## Data extracts
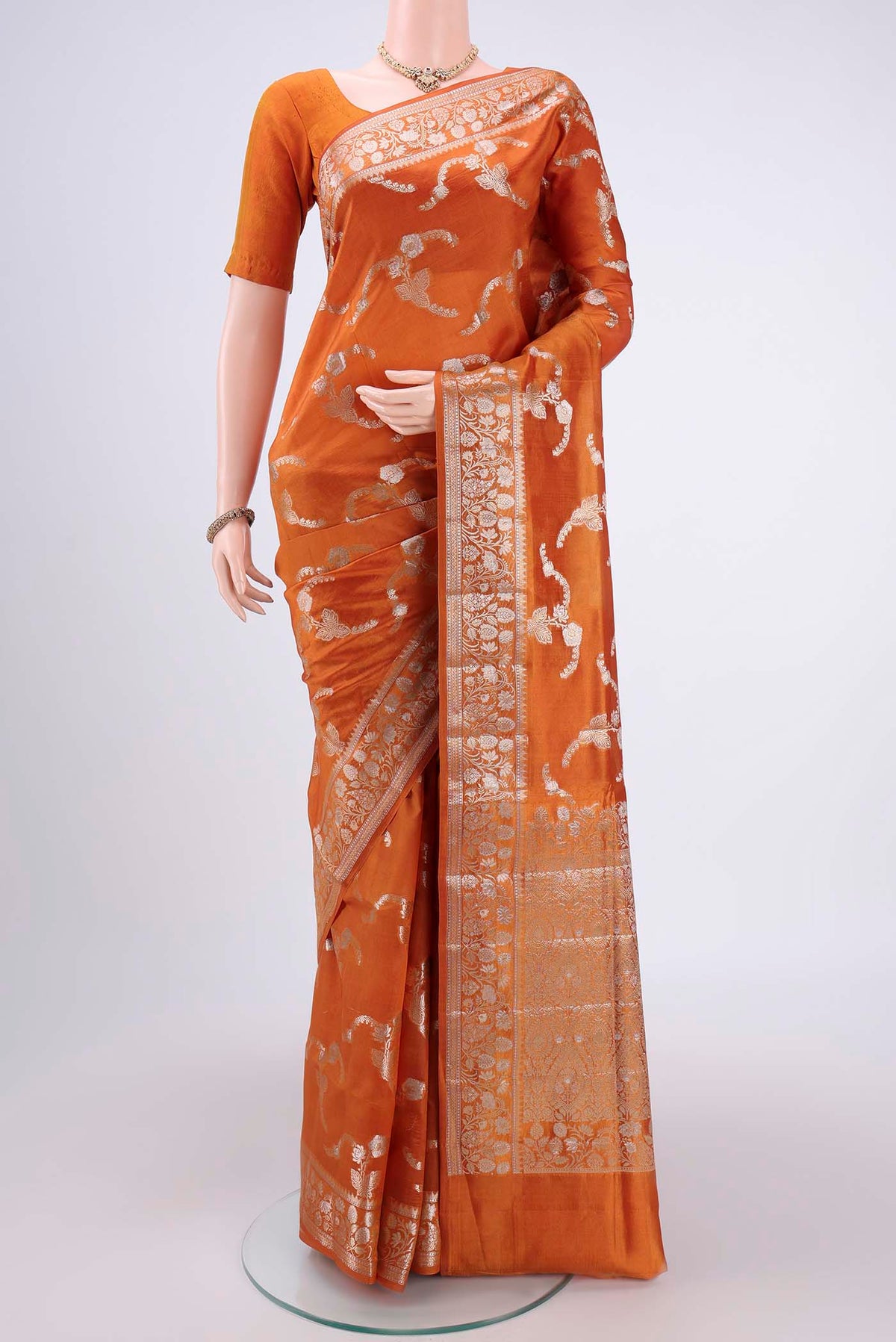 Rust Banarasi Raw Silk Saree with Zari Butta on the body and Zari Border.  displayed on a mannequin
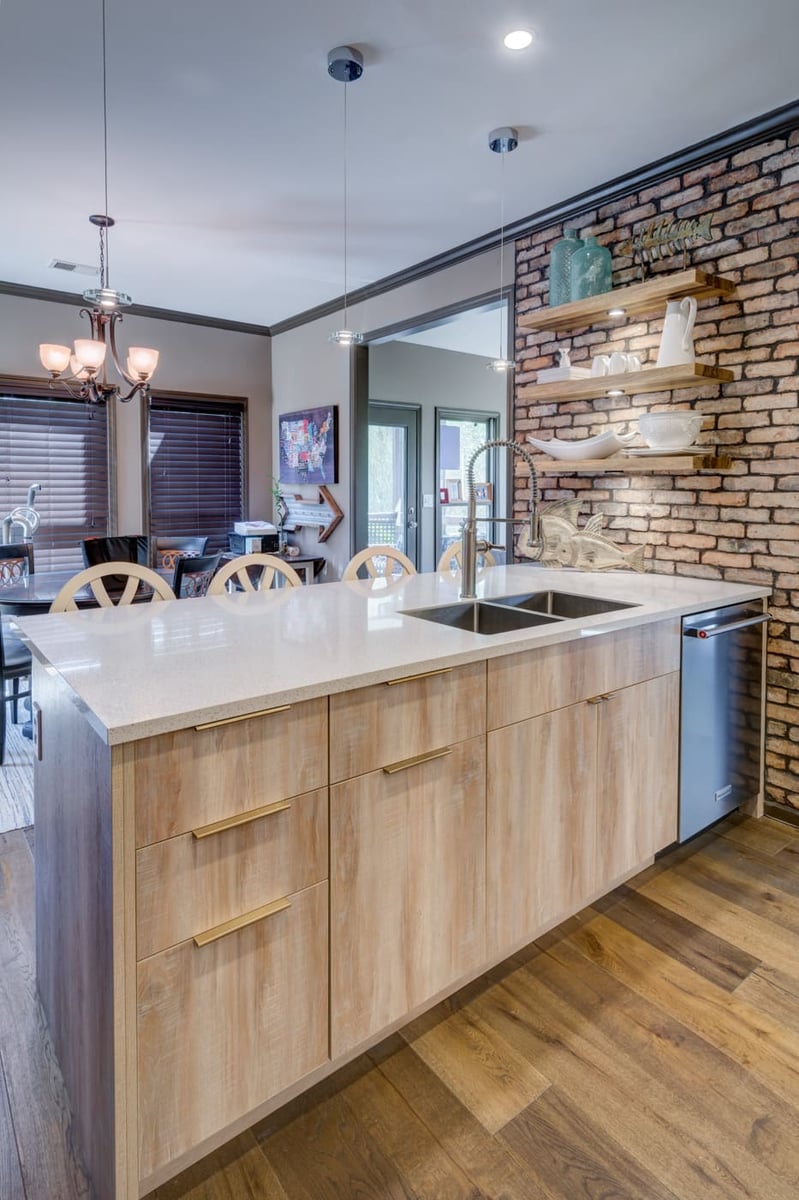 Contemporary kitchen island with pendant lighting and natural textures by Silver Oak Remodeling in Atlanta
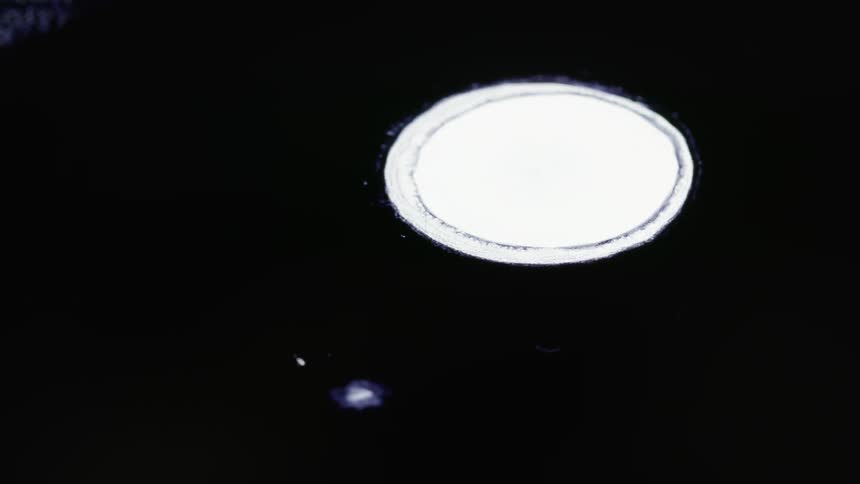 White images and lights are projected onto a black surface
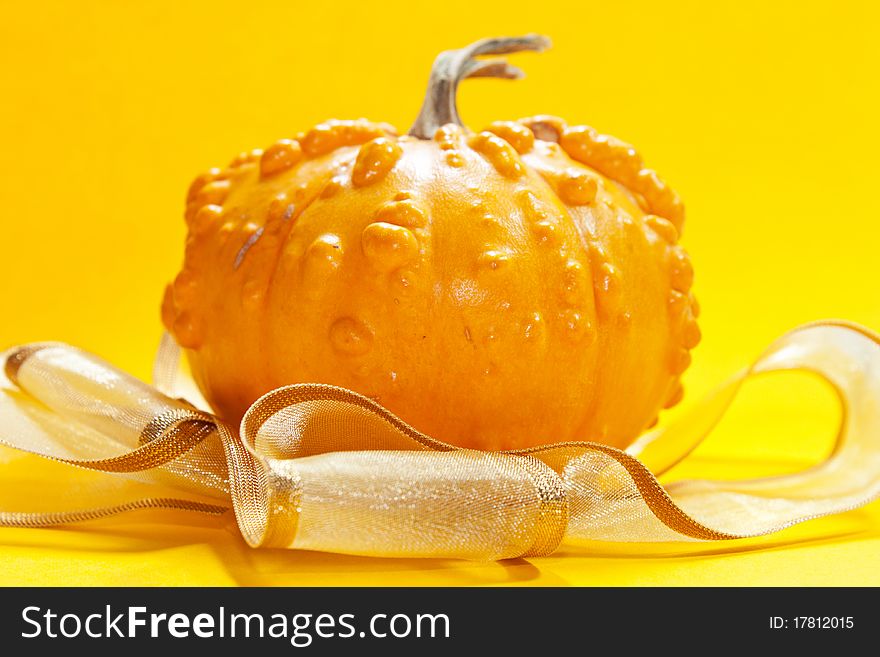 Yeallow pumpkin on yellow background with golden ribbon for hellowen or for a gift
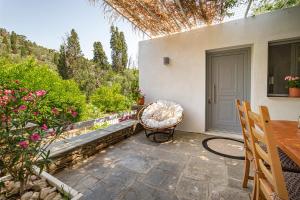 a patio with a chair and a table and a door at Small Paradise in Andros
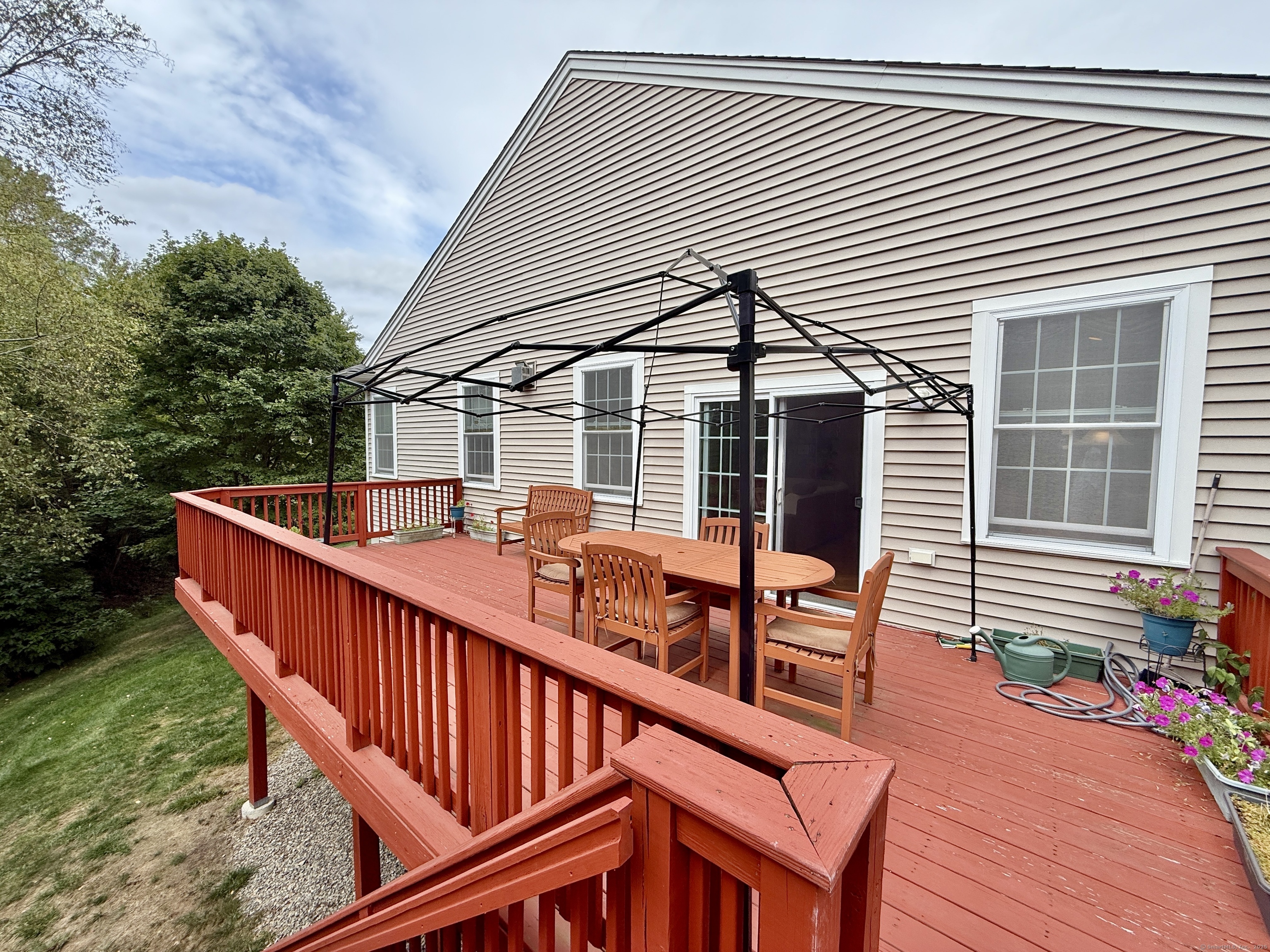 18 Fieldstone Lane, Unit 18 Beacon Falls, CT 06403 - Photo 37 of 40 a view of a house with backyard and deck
--
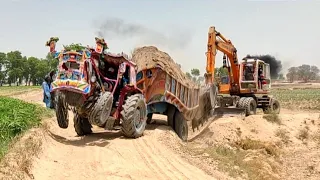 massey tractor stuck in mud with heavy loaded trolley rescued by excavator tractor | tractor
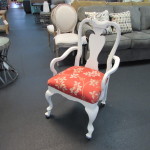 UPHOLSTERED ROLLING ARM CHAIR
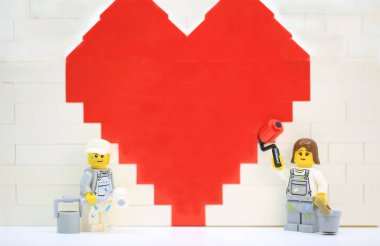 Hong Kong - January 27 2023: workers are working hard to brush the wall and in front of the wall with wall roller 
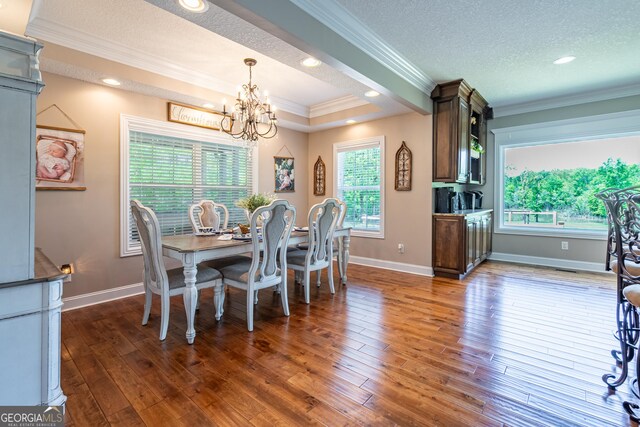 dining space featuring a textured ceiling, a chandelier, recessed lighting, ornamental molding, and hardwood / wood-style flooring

## Exercise objective
Precisely those lines above that run from the line with "UPHOLSTERED ROLLING ARM CHAIR" up to and including the line with "dining space featuring" are to be set down, with the pictures omitted.

## Answer to the problem
 UPHOLSTERED ROLLING ARM CHAIR
 Hong Kong - January 27 2023: workers are working hard to brush the wall and in front of the wall with wall roller 
 dining space featuring a textured ceiling, a chandelier, recessed lighting, ornamental molding, and hardwood / wood-style flooring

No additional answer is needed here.